Photographic Display by International Award Winning Photo Journalist Bruno Stevens, (who has just been awarded the 1st Prize in the World Press Photo, daily life category.) 'PALESTINE NOW' will show at Aotea Gallery level 4, Aotea Centre from 28th April to the 8th May 2004. Admission free.

Belgian Photographer Bruno Stevens (44) visited New Zealand in January this year to lecture on photography.

"Taking pictures is not enough," he insists, "one has to show them afterwards".

Unfazed by the pressure of producing exceptional work for the world's top magazines, including Time, Paris Match, the New York Times Magazine and the British Sunday Times Magazine, Stevens stresses the importance of going beneath the surface of events.This is the intention of the 17-image display 'Palestine Now', which depicts the human cost of the conflict between Israel and Palestine, and argues for peaceful solutions based on his hard-won view that "The only way to bring peace to the Israeli people is by recognizing the right of the Palestinian people to live in peace within a viable inde­pendent state of their own".
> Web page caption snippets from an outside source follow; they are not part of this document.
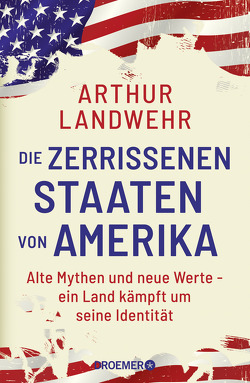 Die zerrissenen Staaten von Amerika von Landwehr,  Arthur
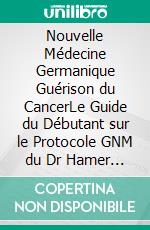 Nouvelle Médecine Germanique Guérison du CancerLe Guide du Débutant sur le Protocole GNM du Dr Hamer pour la Guérison Holistique des Cancers. E-book. Formato EPUB ebook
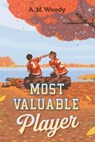 Most Valuable Player - A. M. Woody - 9780593695425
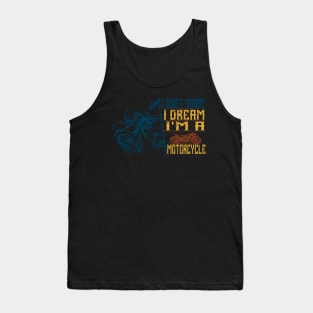 I Don't Snore I Dream I'm a motorcycle Tank Top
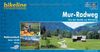 Bikeline Radtourenbuch, Mur-Radweg: Von der Quelle nach Bad Radkersburg. Ein original bikeline-Radtourenbuch und Karte, 475 km, 1:50 000, wetterfest/reißfest, GPS-Tracks Download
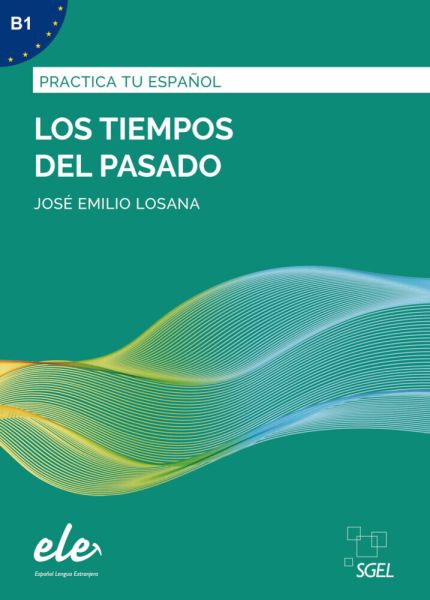 Los tiempos pasado - Nueva edición: Übungsbuch mit Lösungen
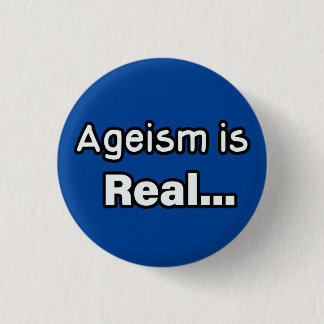 Ageism is Real Button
To find out for himself what effect this horrendous conflict was having on the people, he went from Beirut to Gaza, from the Golan to Jerusalem, from Fatah Tanzims to hard core Jewish settlers. On his very first day in Jerusalem, (Friday, April 12th, 2002), the 20-year-old Palestin­ian girl, Ayat Al Akhras, blew herself up at a Jaffa Road bus stop, in the heart of West Jerusalem, killing herself and five innocent Israelis. "It was a bloodbath, a horrible scene." But it was only one of dozens of similar death scenes, perpetrated by both sides, that he photographed.

Sadly, Stevens sees the Middle-East "engulfed in a downward spiral of mad violence fuelled by the expan­sionist views of a significant part of the Israeli establishment."

Like many people, he thinks that "The countless UN resolutions calling for the Israeli withdrawal from the Pal­estinian Territories to within the 1967 borders should be implemented without delay". This would involve an immediate end to Jewish settlements and confiscations of Palestinian land. These mea­sures, he believes, need to be verified and guaran­teed by international peacekeeping forces.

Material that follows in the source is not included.